I am feeling so sick and panicky that I think if I move too fast I will throw up everywhere. “So when will she be able to write and speak?” I say.
The nurse shakes her head. “She still has sedation on board. Tomorrow at the earliest.”
So I have just the rest of today … Oh dear God. What am I going to do? I’m going to have to leave—to just go. How can I possibly be here when she wakes up? As it is, I’m afraid of even speaking to the nursing staff, for fear that they might have been told to watch me, watch for signs, an involuntary admission of guilt.
“Might it be OK then,” Bailey says, “to go home and grab a shower, a change of clothes or something? Nothing will happen if we do that, will it?”
I cannot be here when she wakes up …
The nurse hesitates. “Look, there are no guarantees but … like I say, she’s doing really well.”
Bailey’s face splits into a smile.
Tom looks more doubtful. “I think I might stay.”
Bailey shakes his head firmly. “Tom, she’s out of danger. Do you really want to look like a stinking hobo when your girlfriend comes around tomorrow? All she’s doing now is just lying here recovering. Tell you what, why don’t we all meet back here after lunch? Go home, grab a bit of shut-eye?”
“OK,” agrees Tom eventually. He looks totally shattered. “I’ll just change though and come straight back. I think I might have to get a cab, I’m not sure I’m safe to drive.”
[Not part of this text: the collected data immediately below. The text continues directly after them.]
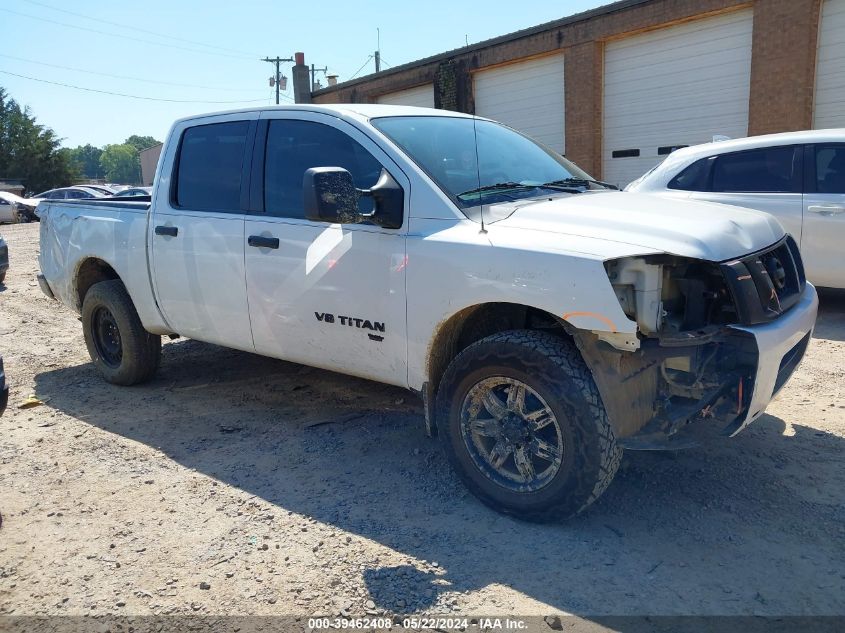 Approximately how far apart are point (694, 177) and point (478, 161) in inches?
167

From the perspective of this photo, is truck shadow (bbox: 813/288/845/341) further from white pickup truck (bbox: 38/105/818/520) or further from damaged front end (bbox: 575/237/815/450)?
damaged front end (bbox: 575/237/815/450)

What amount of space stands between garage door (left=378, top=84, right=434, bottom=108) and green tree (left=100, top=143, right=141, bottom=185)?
413 feet

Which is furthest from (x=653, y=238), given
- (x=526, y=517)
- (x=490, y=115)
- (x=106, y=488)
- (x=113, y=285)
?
(x=490, y=115)

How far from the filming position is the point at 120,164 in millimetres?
140625

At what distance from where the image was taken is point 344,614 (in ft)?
8.86

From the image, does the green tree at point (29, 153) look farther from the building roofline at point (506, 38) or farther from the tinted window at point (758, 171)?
the tinted window at point (758, 171)

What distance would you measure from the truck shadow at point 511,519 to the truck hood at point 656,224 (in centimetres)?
124

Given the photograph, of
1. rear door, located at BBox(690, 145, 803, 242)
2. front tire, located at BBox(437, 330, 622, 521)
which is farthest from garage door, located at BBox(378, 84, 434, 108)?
front tire, located at BBox(437, 330, 622, 521)

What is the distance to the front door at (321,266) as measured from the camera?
368 centimetres

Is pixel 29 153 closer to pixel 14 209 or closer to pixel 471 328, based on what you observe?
pixel 14 209

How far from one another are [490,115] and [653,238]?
54.5ft

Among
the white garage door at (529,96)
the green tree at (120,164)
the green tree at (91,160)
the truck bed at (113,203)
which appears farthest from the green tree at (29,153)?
the green tree at (91,160)

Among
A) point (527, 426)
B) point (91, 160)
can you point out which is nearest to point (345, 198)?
point (527, 426)

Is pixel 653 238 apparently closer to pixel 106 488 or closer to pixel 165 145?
pixel 106 488
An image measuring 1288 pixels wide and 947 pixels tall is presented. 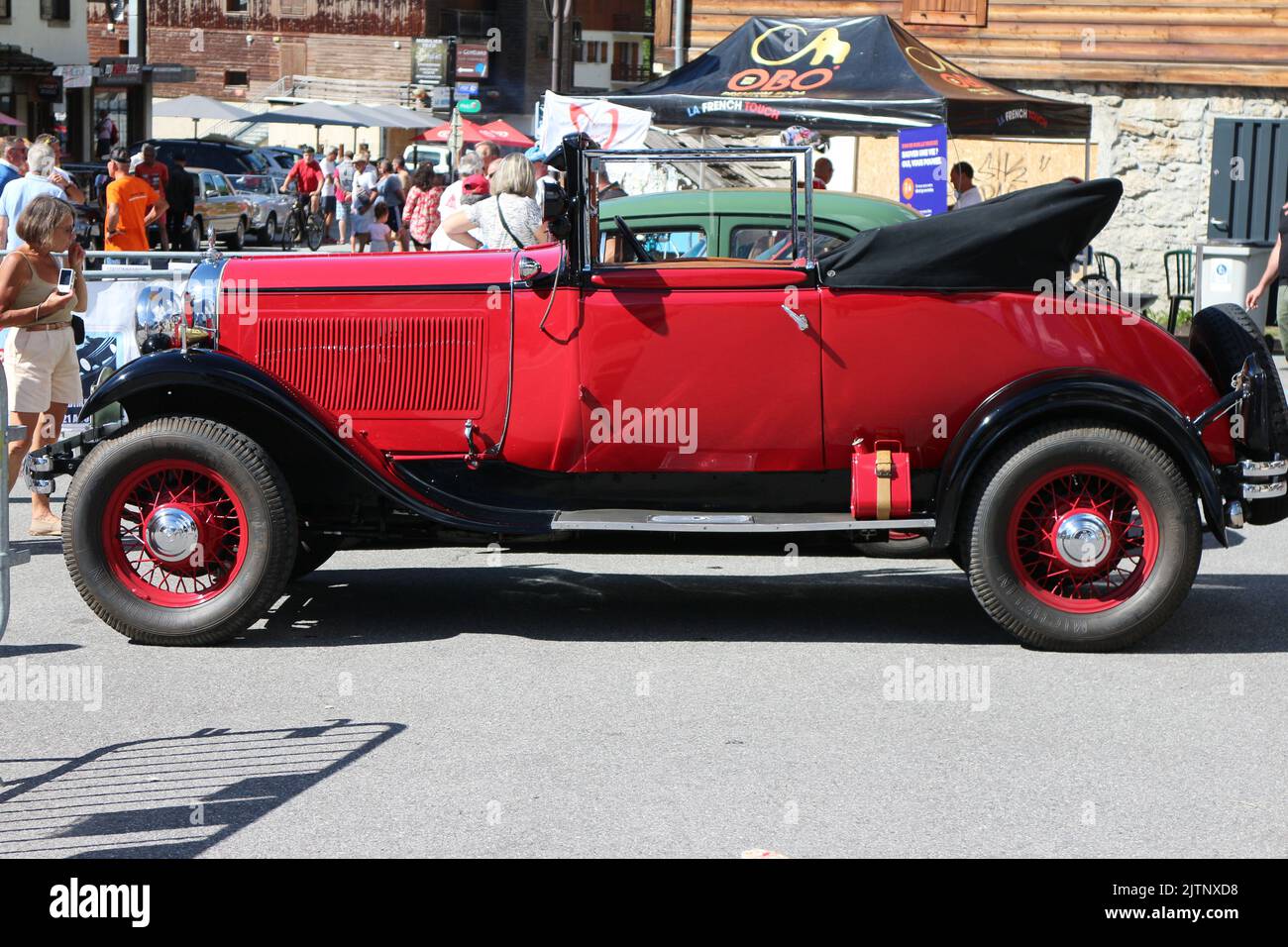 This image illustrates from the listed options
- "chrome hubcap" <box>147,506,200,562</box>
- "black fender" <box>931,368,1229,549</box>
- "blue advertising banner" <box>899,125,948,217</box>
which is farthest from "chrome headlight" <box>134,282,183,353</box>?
"blue advertising banner" <box>899,125,948,217</box>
Bailey stands. “Today is a great day!” He laughs. “See you later, sis!” He blows Gretchen a kiss. “We’ll share a taxi,” he decides. “It can do one big loop. Drop you off, Tom, then Al, then me.”
* * *
Dr. Miles Benedict gets out of his car. It’s a crisp, bright January morning. It’ll be February before long—which means Valentine’s Day, he contemplates. He must remember to book a table somewhere or she’ll cut his nuts off.
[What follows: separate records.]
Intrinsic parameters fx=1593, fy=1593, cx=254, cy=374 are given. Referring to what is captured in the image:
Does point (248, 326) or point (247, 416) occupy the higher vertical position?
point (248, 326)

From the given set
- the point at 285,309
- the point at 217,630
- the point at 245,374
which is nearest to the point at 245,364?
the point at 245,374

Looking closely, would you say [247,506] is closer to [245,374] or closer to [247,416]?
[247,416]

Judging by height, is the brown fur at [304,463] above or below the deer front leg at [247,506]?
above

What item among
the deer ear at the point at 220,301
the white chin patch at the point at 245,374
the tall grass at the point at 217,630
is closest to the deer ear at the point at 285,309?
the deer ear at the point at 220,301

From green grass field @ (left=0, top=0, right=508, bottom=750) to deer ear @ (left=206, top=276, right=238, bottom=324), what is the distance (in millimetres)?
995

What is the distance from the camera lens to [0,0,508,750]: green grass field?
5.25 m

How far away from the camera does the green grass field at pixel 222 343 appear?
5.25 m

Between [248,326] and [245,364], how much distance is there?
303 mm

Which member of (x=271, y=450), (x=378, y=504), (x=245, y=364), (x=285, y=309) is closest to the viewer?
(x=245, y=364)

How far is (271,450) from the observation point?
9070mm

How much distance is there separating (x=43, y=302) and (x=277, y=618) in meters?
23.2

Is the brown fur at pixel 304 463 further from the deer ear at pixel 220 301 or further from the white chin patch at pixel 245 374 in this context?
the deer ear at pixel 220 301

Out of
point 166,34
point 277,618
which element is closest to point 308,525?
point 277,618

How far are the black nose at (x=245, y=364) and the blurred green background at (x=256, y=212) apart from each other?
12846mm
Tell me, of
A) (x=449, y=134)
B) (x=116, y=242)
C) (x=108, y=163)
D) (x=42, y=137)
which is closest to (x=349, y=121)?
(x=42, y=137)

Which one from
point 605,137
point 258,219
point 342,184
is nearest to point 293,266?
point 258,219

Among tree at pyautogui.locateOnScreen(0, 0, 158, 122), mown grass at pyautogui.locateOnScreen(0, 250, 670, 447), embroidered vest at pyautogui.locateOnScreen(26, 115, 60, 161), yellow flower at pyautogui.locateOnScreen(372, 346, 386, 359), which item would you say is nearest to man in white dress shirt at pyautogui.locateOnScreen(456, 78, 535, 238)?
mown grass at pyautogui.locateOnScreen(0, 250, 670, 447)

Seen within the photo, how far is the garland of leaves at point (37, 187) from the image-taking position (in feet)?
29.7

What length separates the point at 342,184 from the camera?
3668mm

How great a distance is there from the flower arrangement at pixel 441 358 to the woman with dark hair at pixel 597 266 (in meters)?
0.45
So, what shitstorm is he going to come into today? There’s the motorbike accident boy—stupid kid came off at 50 mph wearing a T-shirt and jeans, the road literally cheese-grated his skin from his body. When they lifted him off the stretcher, his back stayed on it. Miles grimaces. Maybe he’ll skip breakfast. He wonders idly if the overdose girl survived the night—very unlikely; she’d ingested enough shit to fell an elephant. Then he thinks perhaps he’ll just grab a coffee before he goes up and maybe see if anyone’s up for a round after shift. The green will be just perfect today.
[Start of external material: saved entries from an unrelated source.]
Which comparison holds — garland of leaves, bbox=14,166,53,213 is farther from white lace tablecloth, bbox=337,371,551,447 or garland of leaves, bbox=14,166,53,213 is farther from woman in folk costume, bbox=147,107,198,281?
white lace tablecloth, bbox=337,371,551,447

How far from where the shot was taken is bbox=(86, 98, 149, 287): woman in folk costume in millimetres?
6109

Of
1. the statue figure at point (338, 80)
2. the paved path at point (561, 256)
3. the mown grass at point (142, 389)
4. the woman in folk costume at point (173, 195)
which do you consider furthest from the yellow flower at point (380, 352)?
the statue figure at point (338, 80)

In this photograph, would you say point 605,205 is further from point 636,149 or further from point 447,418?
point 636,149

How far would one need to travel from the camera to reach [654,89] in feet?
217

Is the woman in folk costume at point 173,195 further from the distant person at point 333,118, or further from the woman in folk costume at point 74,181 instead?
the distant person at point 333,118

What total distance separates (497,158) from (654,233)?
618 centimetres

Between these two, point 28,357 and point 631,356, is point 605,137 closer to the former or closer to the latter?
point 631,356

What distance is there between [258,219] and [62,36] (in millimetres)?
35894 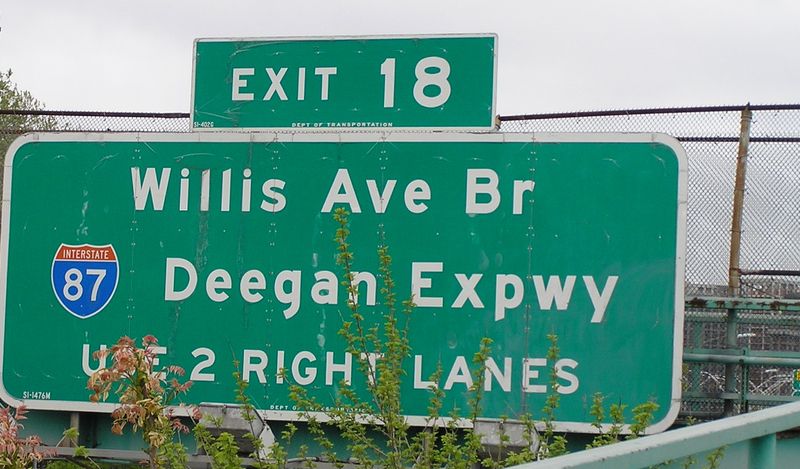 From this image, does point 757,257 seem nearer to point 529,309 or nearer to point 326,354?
point 529,309

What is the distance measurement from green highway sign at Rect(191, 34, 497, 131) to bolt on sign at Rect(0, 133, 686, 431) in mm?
161

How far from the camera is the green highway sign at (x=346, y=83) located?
6.87 metres

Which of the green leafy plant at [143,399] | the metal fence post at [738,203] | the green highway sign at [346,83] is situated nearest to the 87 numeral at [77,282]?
the green highway sign at [346,83]

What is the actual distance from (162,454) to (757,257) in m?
5.27

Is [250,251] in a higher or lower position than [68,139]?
lower

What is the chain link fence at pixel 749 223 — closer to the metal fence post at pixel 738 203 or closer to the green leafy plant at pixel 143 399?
the metal fence post at pixel 738 203

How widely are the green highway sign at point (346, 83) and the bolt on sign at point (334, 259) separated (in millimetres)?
161

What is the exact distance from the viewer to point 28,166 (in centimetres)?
743

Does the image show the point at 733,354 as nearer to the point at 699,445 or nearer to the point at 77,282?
the point at 77,282

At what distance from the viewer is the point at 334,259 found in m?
6.91

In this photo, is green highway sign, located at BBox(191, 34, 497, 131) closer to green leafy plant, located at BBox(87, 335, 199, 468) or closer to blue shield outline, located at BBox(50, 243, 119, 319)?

Twenty minutes later he barges into ICU, now in a filthy mood, to do the morning handover. No one is free to play golf later, which really pisses him off, and some idiot in the café not only spilled hot coffee all over his hand but, worse still, gave him caffeinated, not decaf. He only realized halfway down his takeout cup, and now he’s already feeling twitchy and getting a headache. How hard is it to get a fucking beverage right when he saves lives?
He sweeps into room five and, to his surprise, finds the overdose girl is still in the land of the living—quite impressive determination and fight really. Mercifully, there are no relatives to have to be polite to. Just the nurses. He looks at the charts in irritable silence and then snaps, “She’s on forty percent—what’s she still doing on sedation?”
The senior nurse accompanying him nudges the junior, who looks at the floor. The senior nurse says, “I haven’t been able to get there yet.”
Must he do everything himself? “Well get the propofol off,”he says. “Wake her up, let’s get her extubated! She’s a young girl, for Christ’s sake. Come on! ASAP!” He looks crossly at the junior, who can’t meet his eye and is momentarily lifted by the fact she’s got great tits. Shame about the face though, looks like she’s been smacked by a shovel. Oh well.